Two weeks ago was the fiftieth anniversary of a papal document epic for its unrivaled unpopularity. On July 25, 1968, Pope Paul VI published Humanae Vitae, an encyclical outlining the Church’s position on contraception. Many a hankering ear had been hoping the good pope would dissent from nineteen hundred years of consensus on the subject, but he stood fast, upholding the Church’s teaching that contraception is morally wrong.
According to many people, including many Protestants, the Church’s hard “no” on contraception is little more than pharisaical nitpicking. Even in the darkness and privacy of your own bedroom, there looms Mother Church wagging her stern and unyielding finger!
And indeed, it is a hard “no.” According to Catholic teaching, the use of contraception is a sin – always. The Catechism refers to it as “intrinsically evil,” which means that it is evil in and of itself and can never be justified, no matter the circumstances. There are no grey areas and no exceptions for anyone at any time, period. The fact that the Church calls it an intrinsic evil doesn’t mean it’s as equally wicked as something like abortion, rape, or torture – other examples of intrinsic evils. Rather, it means that it’s equally forbidden to everyone in all places at all times.
What many people don’t know, however, is why. Why, when there is so much worldly pressure to change, does the Church hold fast to this teaching? Why, long after even the rest of Christianity has left the room, does she stay where she is?
II. The Bible’s apparent silence on contraception.
You’ll often hear Protestants claiming that because the Bible doesn’t forbid contraception, neither should we. It’s true that the Bible says little to nothing about contraception, and nowhere does it directly forbid it the way it forbids drunkenness, murder, and adultery, for example.

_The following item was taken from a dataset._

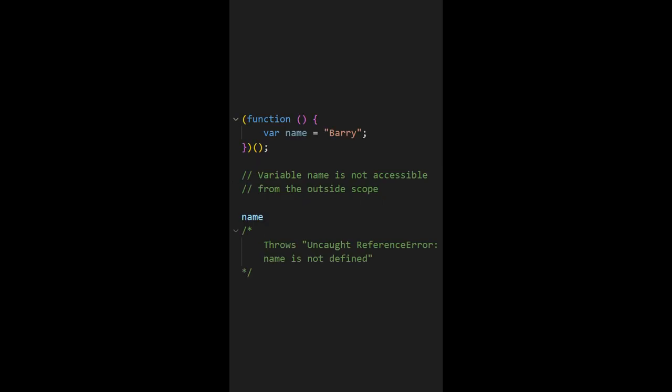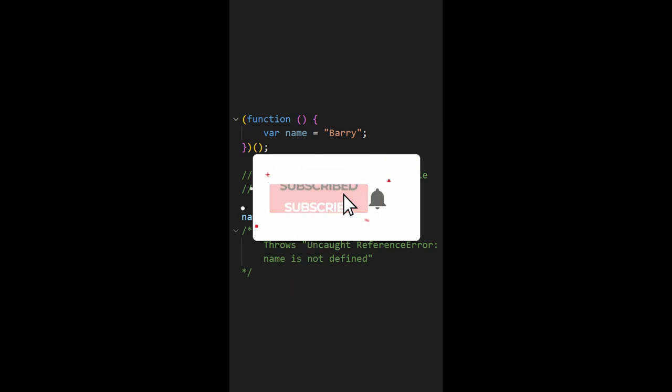Another common way of using IIFE is to isolate the variable scope. So if this video was interesting then definitely go ahead and hit that subscribe button.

But the Bible doesn’t directly forbid abortion, either – or slavery, for that matter. In fact, regarding the latter, the Old Testament gives instructions on its right use, and the New Testament shows us what a godly master/slave relationship ought to look like. If that were contraception, Protestants would consider the Bible blatantly in favour of using it; and yet they denounce slavery in no uncertain terms.